コラム「けいざい応援通信」より<2014.11.26>

 「モノが売れない」「会社がつまらない」「何のために仕事をしているのか分からない」というのが、多くの人の日常ではないでしょうか。そのような中でも、つまらない日常を面白いものに変えていくパワフルな人というのはいるものです。
 先日、県社会保険労務士会主催のパネルディスカッションでご一緒した、自動車エンジニアの水野和敏さんもその一人です。水野さんは知る人ぞ知る日本初のマルチスーパーカー「GT―R」の開発責任者で、千曲市の出身、長野高専を卒業されています。
 小学生の頃からものづくりへ強い興味を抱き、高専時代には既にフォーミュラーカーを丸ごと1台を造る実力になっていました。日産自動車では、技術が分かる営業マンとしてトップクラスの実績を残したそうです。
 そんな時、両足を失ったお客様の「自動車は自分の足、生活そのもの。あなたが言う知識や技術で買っているわけではない」という言葉に大きな衝撃を受けます。「独りよがりで車を造っても、それをお客様が喜んでくれなかったら何の意味もない」と気づき、それからは働く視点を「お客様を喜ばせること」として全うしました。
  「会社のため、自分のため、などと考えているから、人生がつまらないものになる。人のために尽くそうとする視点から考えれば、社会の中での自分の役割が見いだせる。自分の役割が見いだせれば、人生は楽しい」。そして「会社はお客様が喜ぶために自分がしたいことを実現する手段だ、ぐらいに考えるのがちょうど良い。会社の枠で自分の枠を決めてしまっては、自分の役割は見いだせない」と続けます。

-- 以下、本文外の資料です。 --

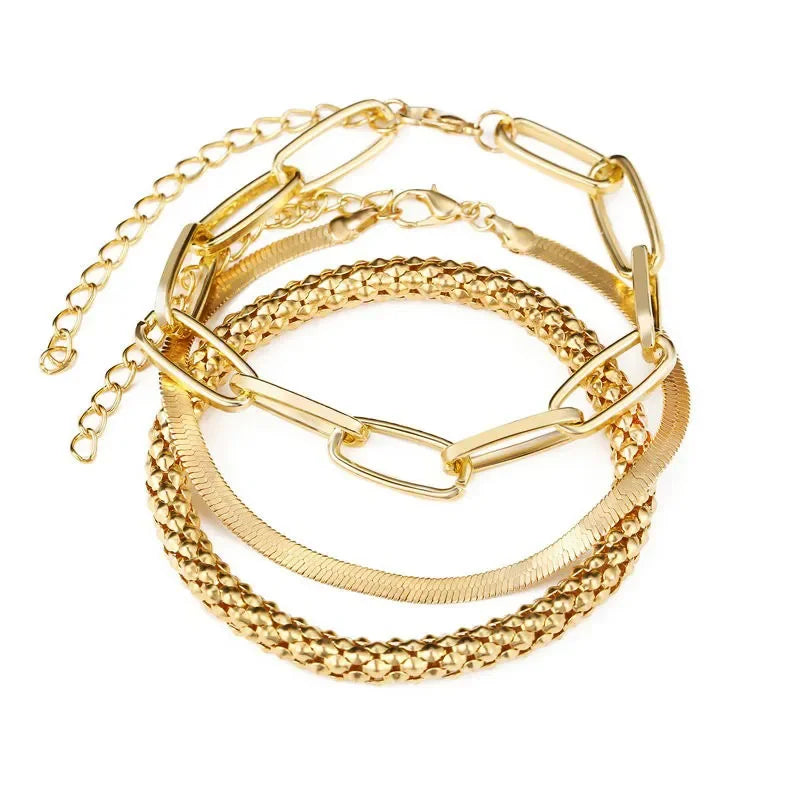 Bohemian Metal Chain Bracelet Set For Women Geometric Gold Color Thick Link Chain Open Bangle Female Fashion Jewelry--ANDROMEDA QUINNS | AURELLE'S-ANDROMEDA QUINNS | AURELLE'S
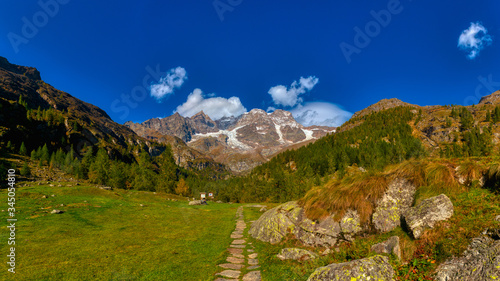 Val Sesia scenic landscape with view of Monte Rosa, Alagna Valsesia, Piedmont, Italy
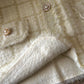 Italian Tweed Blazer Jacket With Pearl Buttons & Fur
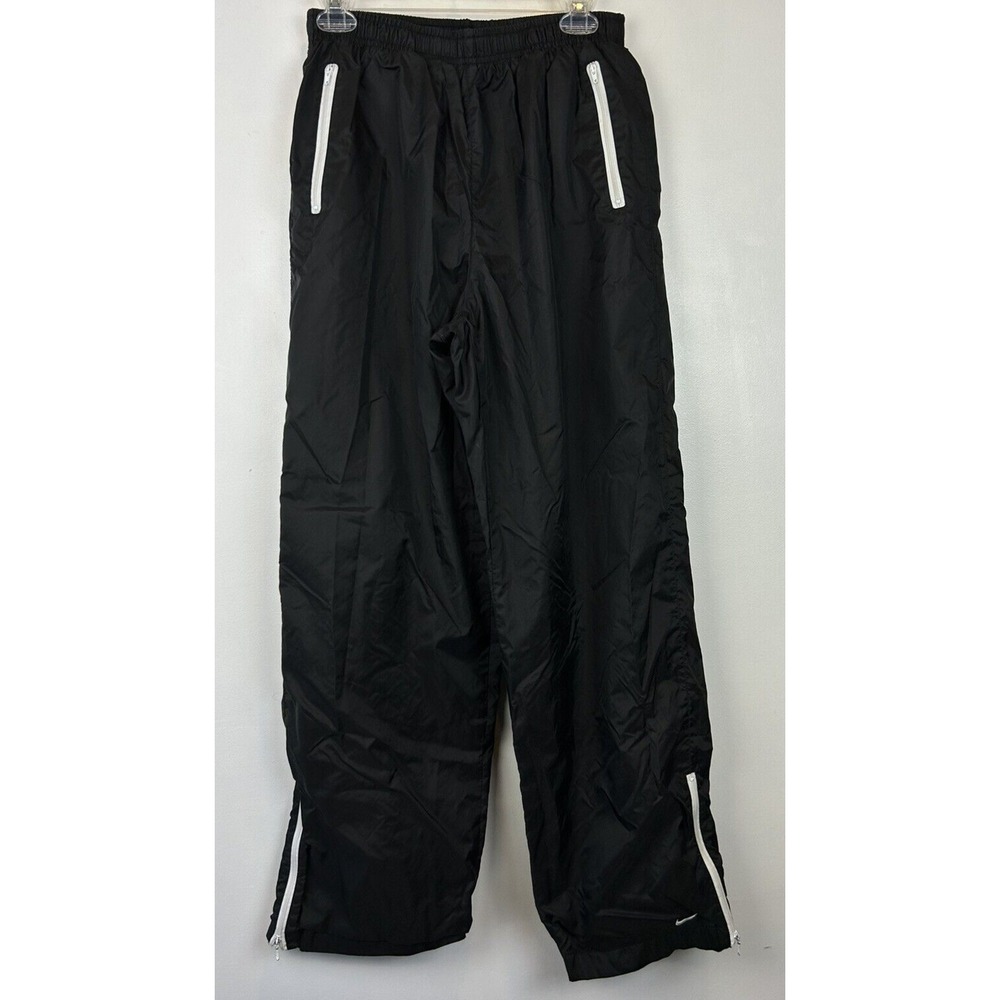 Vtg Nike Pants Womens 12-14 Black Track Sweatpants Lined Lightweight Y2K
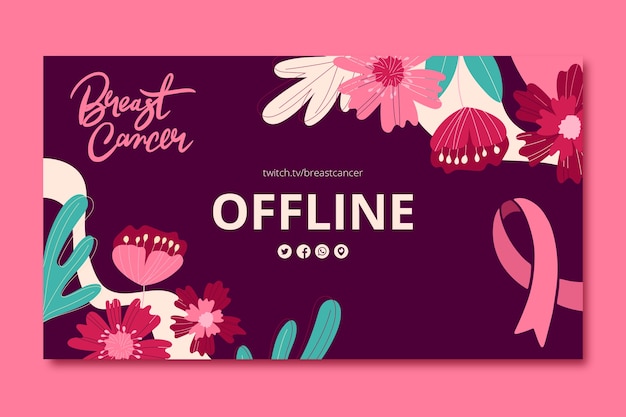 Free vector flat twitter background for breast cancer awareness month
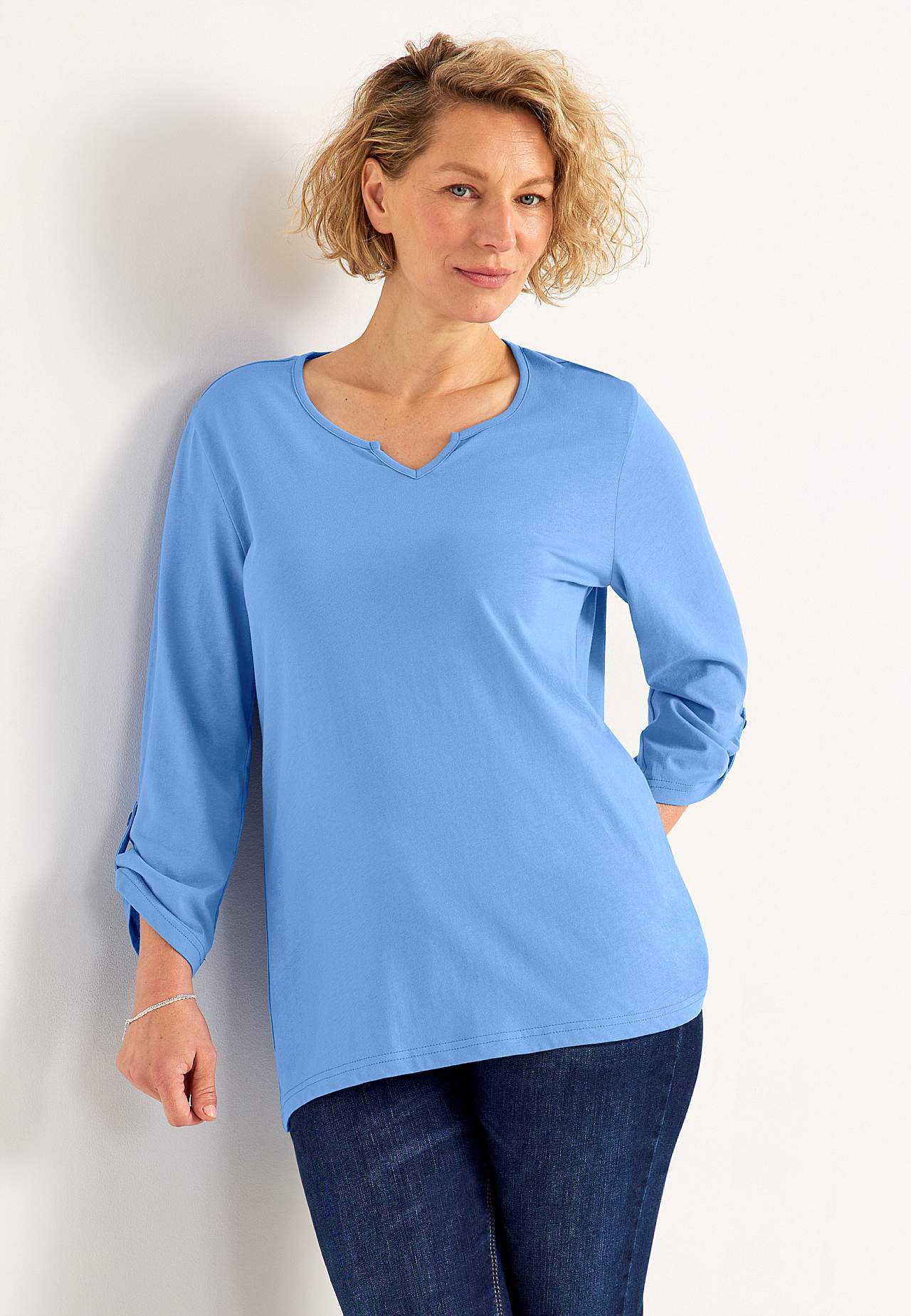 Jerseytopp med 3/4-lange ermer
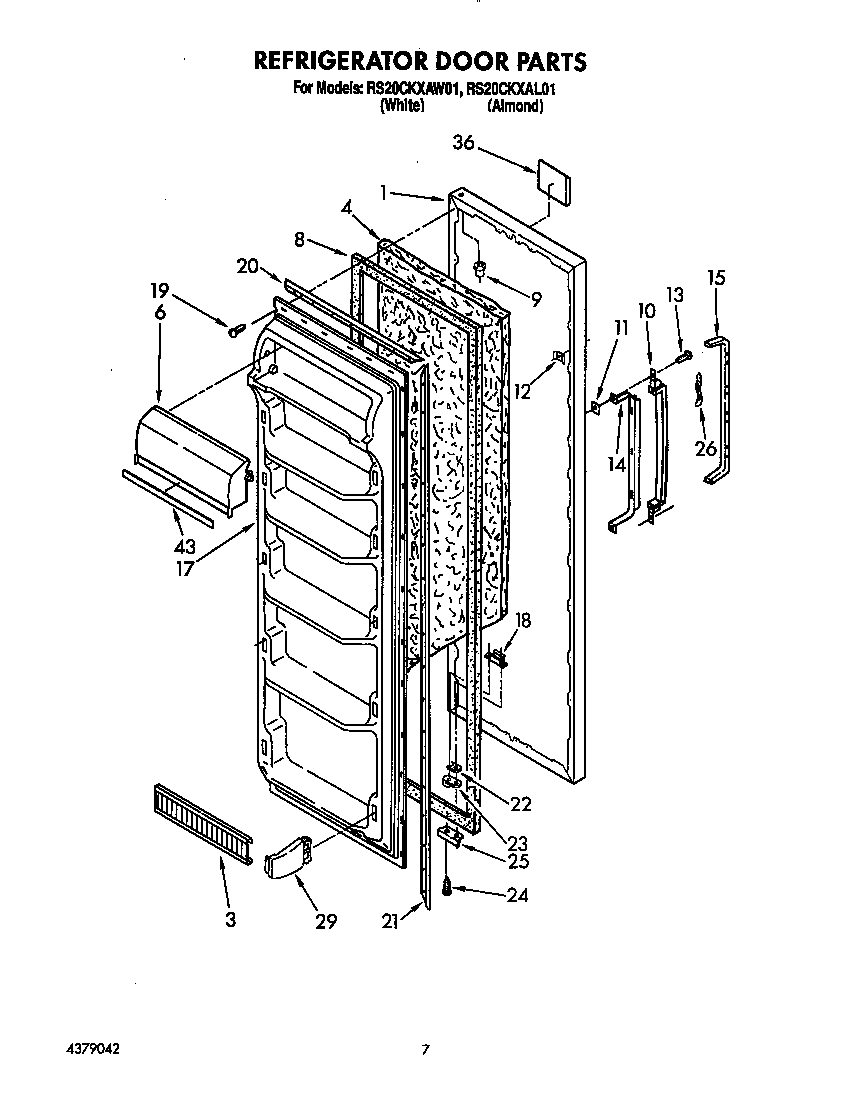 Roper RS20CKXAW01 refrigerator door diagram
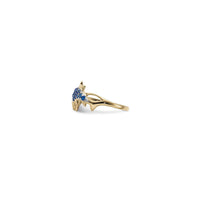 Diamond and Blue Sapphire Dolphin Couple Ring (14K) side - Popular Jewelry - New York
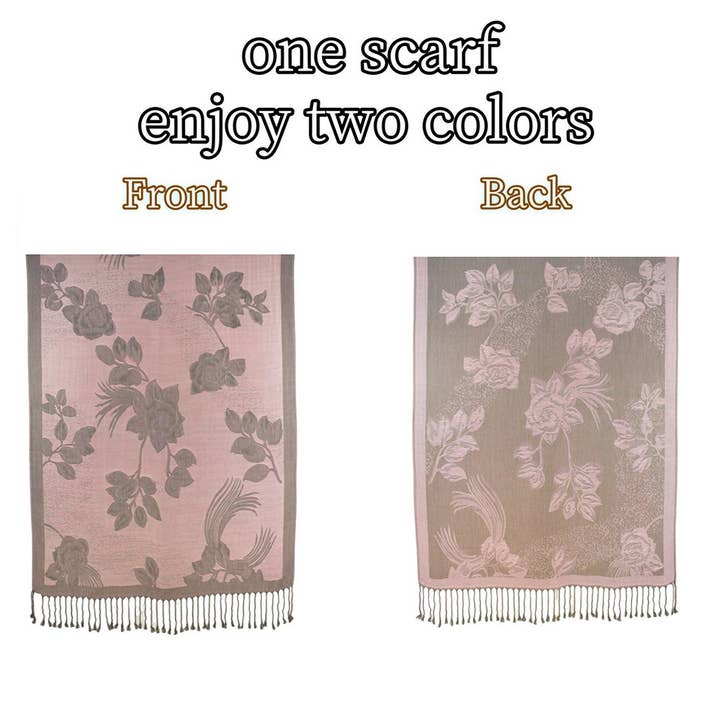 Sensibling Corp. - Wholesale Scarf – Women's - Rose Floral Pashmina Reversible Scarf Shawl46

 さらにこうも言います。「人の能力は無限なのに、人を単なる作業量である『工数』と数えることで能力に封をしてはいけない。人が動物と違う最大の点は、想像できることにある。人が想像力を活(い)かせば、能力は2倍にも3倍にもなる。それは『能数』と考えるべきだ。その社員の想像力をどこまで引き出せるのかがマネジメントの神髄である」
 こうして生まれたのが「GT―R」です。あえて、ヒト・モノ・カネ・時間を従来の半分にして、人の能力を最大限に引き出すことができたからこそ、開発に成功したのだと教えていただきました。


 信州の大自然で育った我々は、豊かな想像力を内に秘めているはずです。それを発揮し、枠を一歩踏み出し、お客様のために働くことで、生き甲斐(がい)のある人生と、豊かな社会が築けるに違いありません。